Now I know what it is, I had to Google.


----------



## k-p (Oct 7, 2009)

Put a 2-3 lb pork roast in an oven bag with chopped cilantro, onion, lemon juice and Lawry's season salt. Place in a baking dish and let go in oven for about 3-5 hours (depending on size of roast) or until meat starts to fall apart. Get an iron skillet hot with a little olive oil and put cooked roast in it with the juices from the oven bag. Meat will start to fall apart and when meat becomes like shredded beef then it's done. Serve on steamed corn tortillas and garnish with fresh chopped cilantro and onion and a few drops of fresh lemon juice. One of the easiest recipes to do and I like either purple onion or good fresh Vidalias when in season.


----------



## MrFish (Aug 21, 2009)

Put a pork tenderloin in a pressure cooker with some chimichurri sauce. It will fall apart. I cram it in homemade arepas. Warning: Your house will smell like chimichurri for a freaking week and a half.


----------



## 60hertz (Oct 1, 2007)

use a crock pot.


----------



## flappininthebreeze (Jul 13, 2009)

k-p said:


> Put a 2-3 lb pork roast in an oven bag with chopped cilantro, onion, lemon juice and Lawry's season salt. Place in a baking dish and let go in oven for about 3-5 hours (depending on size of roast) or until meat starts to fall apart. Get an iron skillet hot with a little olive oil and put cooked roast in it with the juices from the oven bag. Meat will start to fall apart and when meat becomes like shredded beef then it's done. Serve on steamed corn tortillas and garnish with fresh chopped cilantro and onion and a few drops of fresh lemon juice. One of the easiest recipes to do and I like either purple onion or good fresh Vidalias when in season.


Sounds delicious


----------



## Jason (Oct 2, 2007)

60hertz said:


> use a crock pot.



says those who don't have an egg! hahaha:whistling::blink::thumbsup:


----------



## Jason (Oct 2, 2007)

k-p said:


> Put a 2-3 lb pork roast in an oven bag with chopped cilantro, onion, lemon juice and Lawry's season salt. Place in a baking dish and let go in oven for about 3-5 hours (depending on size of roast) or until meat starts to fall apart. Get an iron skillet hot with a little olive oil and put cooked roast in it with the juices from the oven bag. Meat will start to fall apart and when meat becomes like shredded beef then it's done. Serve on steamed corn tortillas and garnish with fresh chopped cilantro and onion and a few drops of fresh lemon juice. One of the easiest recipes to do and I like either purple onion or good fresh Vidalias when in season.

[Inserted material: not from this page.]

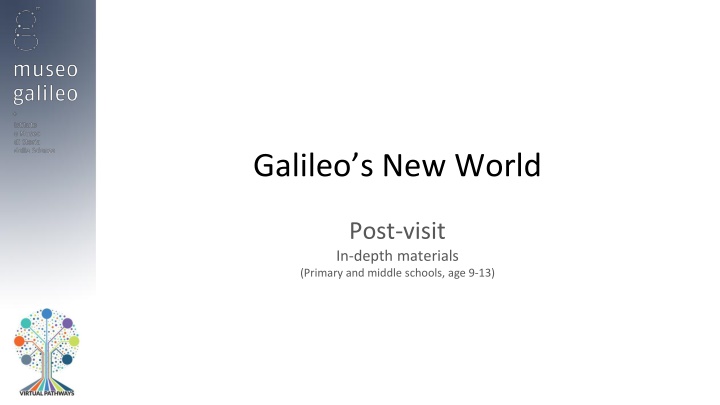 galileo s new world
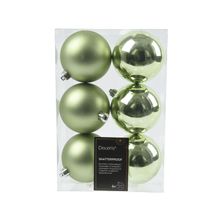 Set de 6 esferas de plastico verdes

That does sound purty sporty!:thumbsup: Except I'd put it in a pan on the egg....


----------



## Splittine (Nov 24, 2007)

60hertz said:


> use a crock pot.


What's a crock pot? I have a Dutch oven and BGE.


----------



## 60hertz (Oct 1, 2007)

Jason said:


> says those who don't have an egg! hahaha:whistling::blink::thumbsup:


This has nothing to do with what type of grill is on my back porch. 

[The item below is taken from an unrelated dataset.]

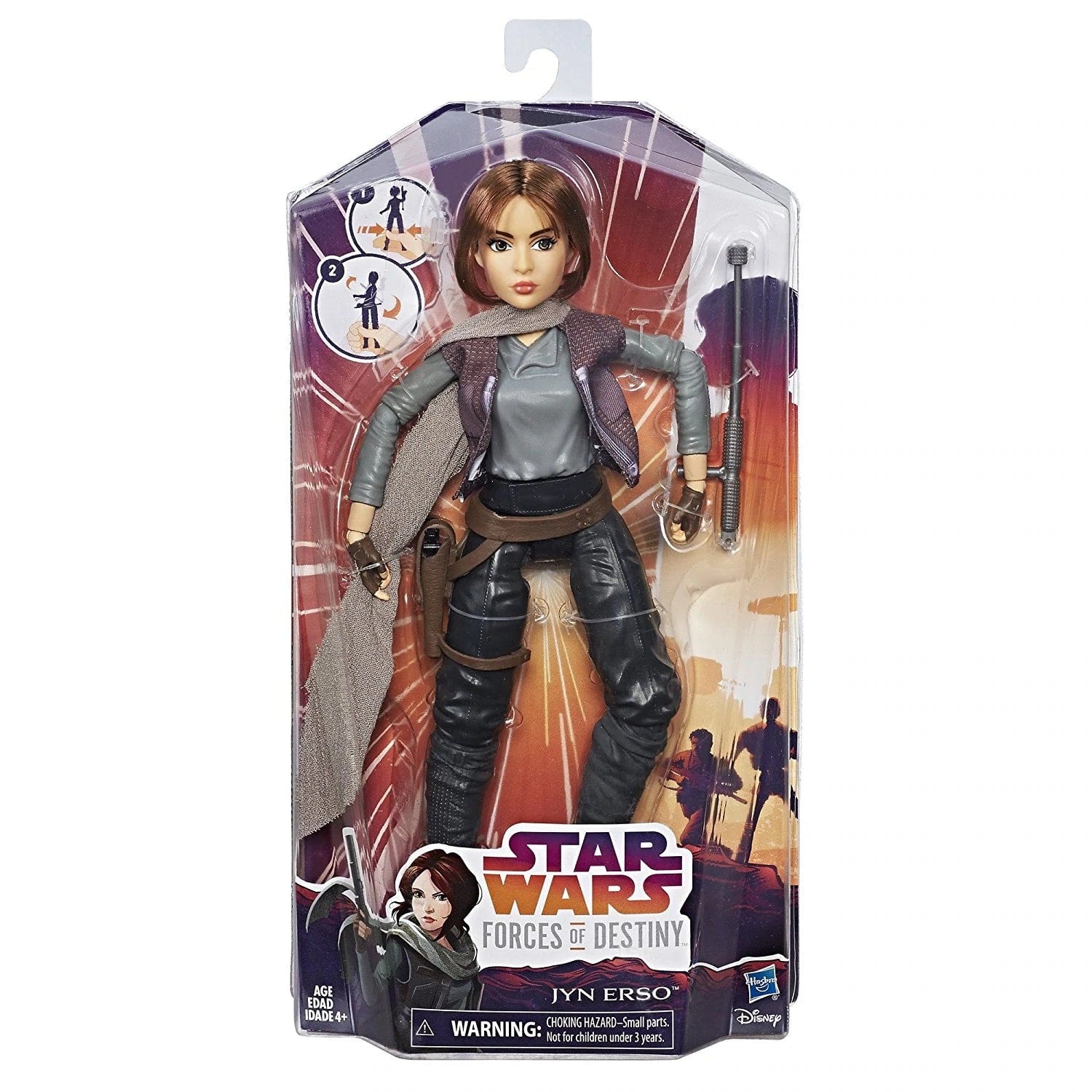 Hasbro-Star Wars: Forces of Destiny - Jyn Erso-C1624-Legacy Toys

But, a simple Google search for Carnita Recipe says to use a crock pot or slow cooker...Although, there ARE recipes for using a dutch oven - guess you could put the dutch oven on your egg if you're so inclined.

https://www.google.com/webhp?source...727&ion=1&espv=2&ie=UTF-8#q=carnitas+recipe&*


----------



## MrFish (Aug 21, 2009)

This one looks pretty good.

http://hangryfork.com/recipes/authentic-carnitas-recipe/


----------



## Splittine (Nov 24, 2007)

60hertz said:


> This has nothing to do with what type of grill is on my back porch.
> 
> But, a simple Google search for Carnita Recipe says to use a crock pot or slow cooker...Although, there ARE recipes for using a dutch oven - guess you could put the dutch oven on your egg if you're so inclined.
> 
> http://www.google.com/webhp?sourcei...727&ion=1&espv=2&ie=UTF-8#q=carnitas+recipe&*



The best carnitas I've had was cooked in a Dutch oven/cast iron. Crock pot makes the meat mushy. You get that crisp outside when the liquids cook down with cast iron. If you don't have that good crisp meat on the outside you might as hell just use regular pulled pork.


----------



## JoeZ (Sep 30, 2007)

Splittine said:


> Anyone have a sure fire traditional one. Surprisingly the search didn't find one.


MAde these last week. Best I've ever had. 

https://www.buzzfeed.com/scottloits...&ref=bffbtasty&utm_term=.ukrGr5bPN#.wrAZjeXE5


----------



## JoeZ (Sep 30, 2007)

I just seared the meat first for the crisp outside.


----------